Faire disparaître les femmes de la culture et donc des mentalités, c’est un combat qui a plusieurs siècles.  S’il a été mené avec rage par le clergé entre le XIVe et le XVIIe siècle sous le nom de « Querelle des femmes », voilà belle lurette que les femmes l’ont perdu, et elles n’ont toujours pas fini de payer leur tribut aux vainqueurs de l’Histoire. L’Académie Française a largement apporté sa pierre à l’édifice quand elle a supprimé de son dictionnaire, sur lequel elle travaillait pourtant mollement, les mots autrice, écrivaine, poétesse, philosophesse, peintresse… Diderot et Bescherelle ont aussi contribué à cette oppression avec énergie, en effaçant autant qu’ils l’ont pu ces femmes célèbres des encyclopédies et dictionnaires. Ainsi, les femmes ont-elles vu leurs modèles rayés de l’Histoire. Pour l’identification, ça compliquait les choses. Aujourd’hui, elles ont ont reconquis du terrain, mais il reste des obstacles.

Qui est coupable aujourd’hui de faire disparaître les femmes de plus de 50 ans ? En vérité, vous, moi, mes collègues scénaristes et écrivains, tout le monde.
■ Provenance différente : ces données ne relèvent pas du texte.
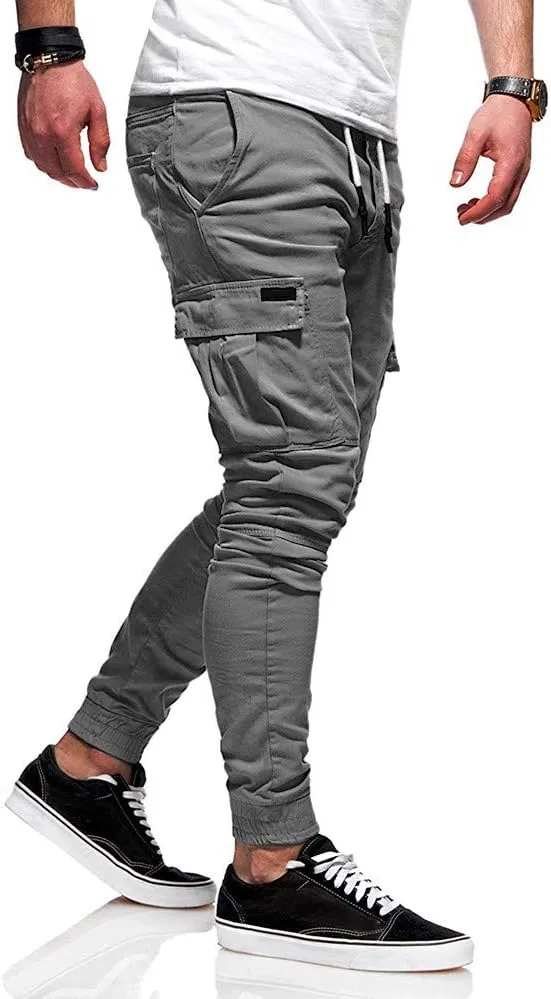 ZHUER Sweatpants for Men Slim Fit Cargo Pants Stretch Elastic Waist Jogger Pants Fashion Casual Chino Pants 2023 Fall Winter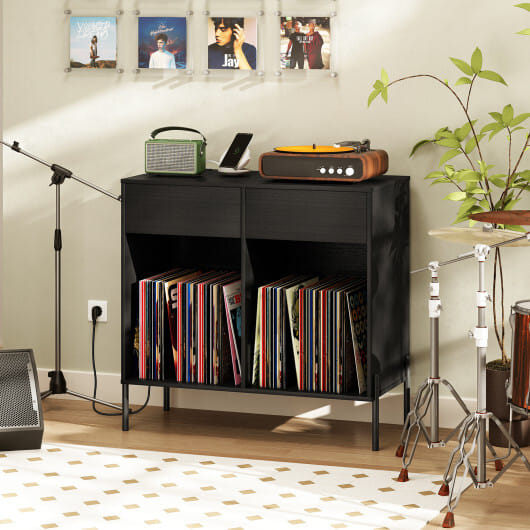Record Player Stand with Power Outlets Double Wide Turntable Stand Vinyl Record Storage Table-White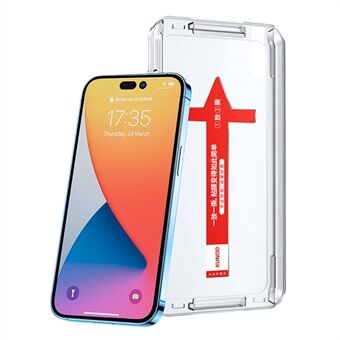 XUNDD Voor iPhone 14 Pro Max 6.7 inch Volledige Cover Gehard Glas Onbreekbaar Screen Protector met Stofdicht Net en Installatie Tool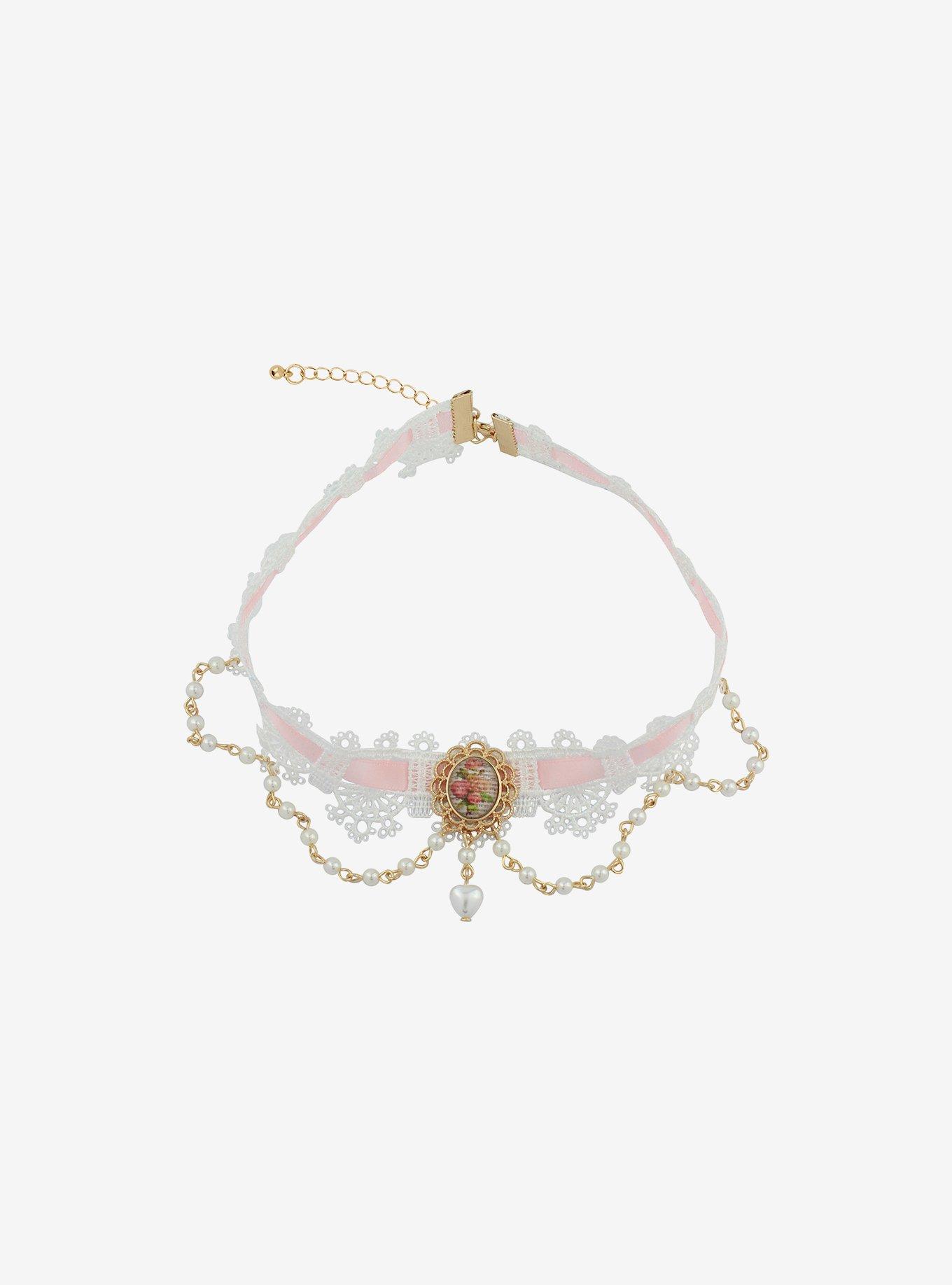 Sweet Society Lace Pearl Cameo Choker, , hi-res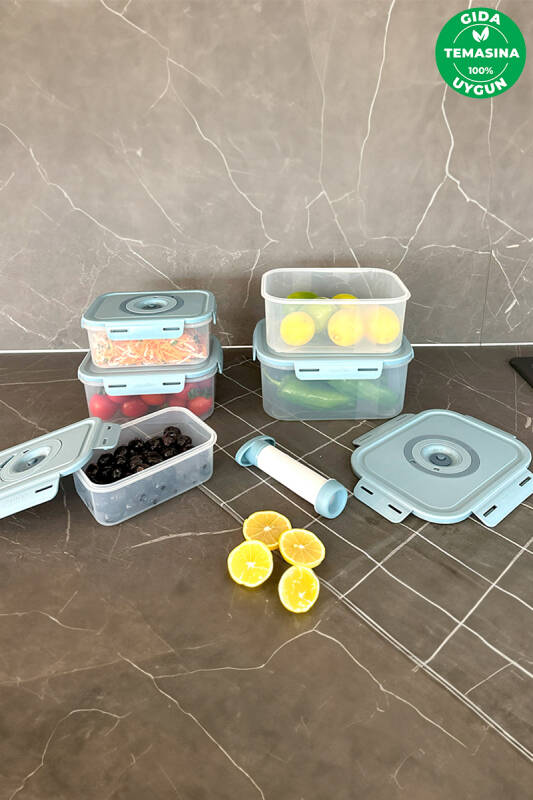 Seoul Vakumlu Taze Ürün Saklama Kabı 6'lı Set - 7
C’est le principe même d’une oppression systémique : nous l’avons si bien intégrée que nous la reproduisons sans y prendre garde.
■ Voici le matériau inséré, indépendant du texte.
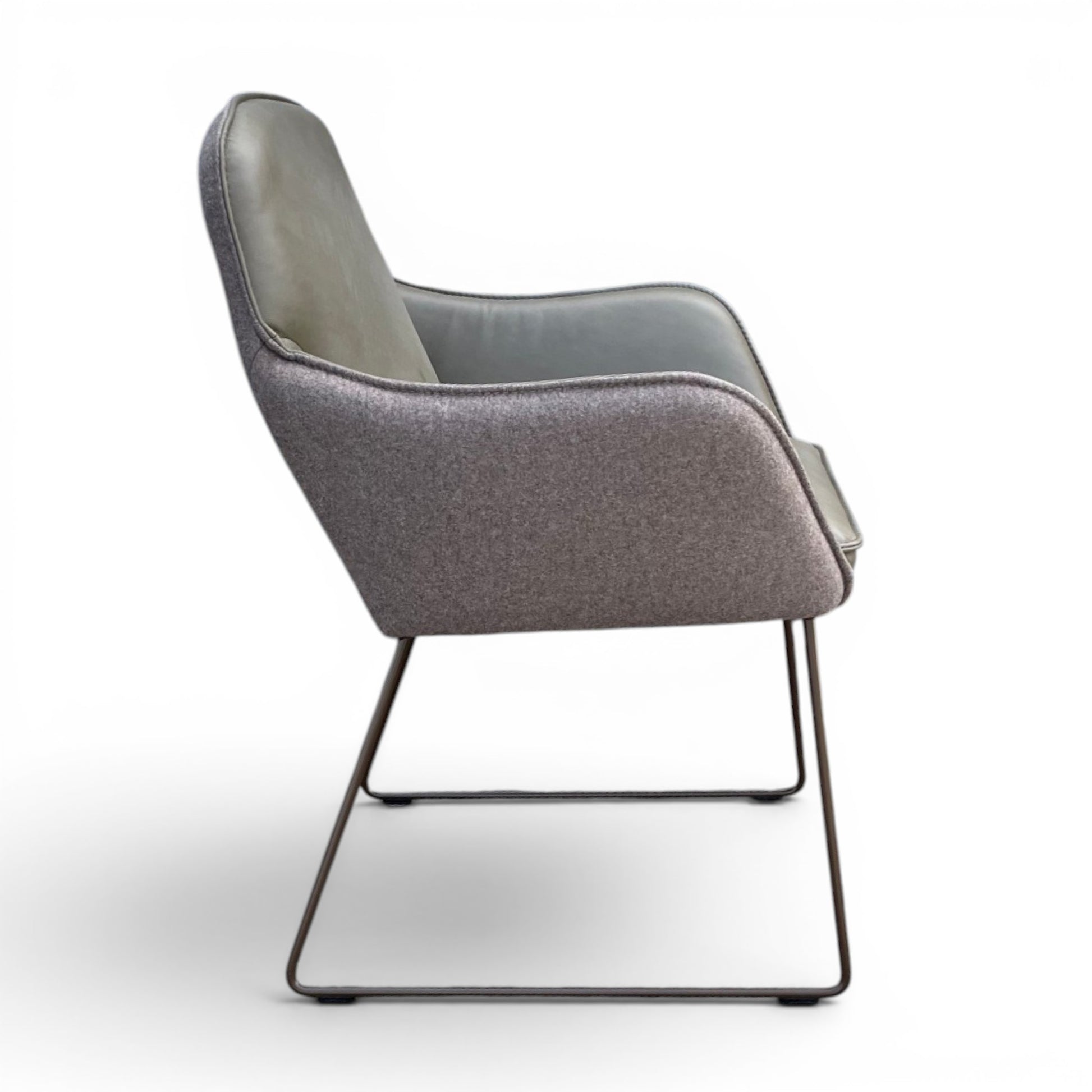 Sessel K+W - Leder & Filz Olive/Braun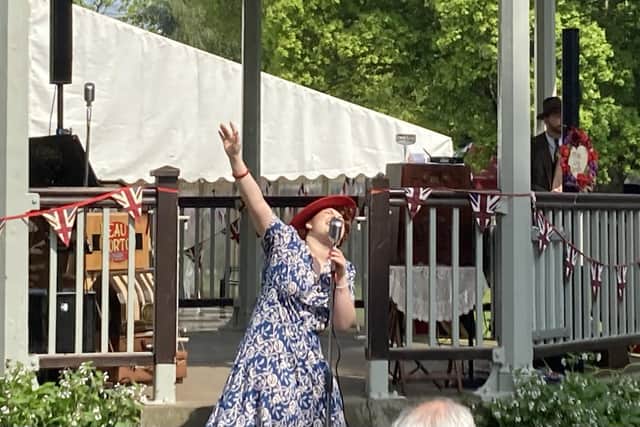 Vintage singer Lily Lovejoy belts out a wartime tune at 40s Weekend Melton Mowbray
En ce qui me concerne, je suis à présent alertée sur une question qui ne m’avait pas vraiment travaillée jusqu’ici. En tant qu’autrice, je m’engage dorénavant dans mes romans, mes albums, mes scénarios à venir, à rendre aux femmes de plus de cinquante ans la place qui leur est due. Je m’engage à leur rendre leur voix. Je m’engage aussi à sensibiliser mes collègues sur cette problématique.

En attendant, je souhaite à ces actrices de garder courage. Elles sont nos visages. Elles sont nos modèles. Elles sont des femmes puissantes.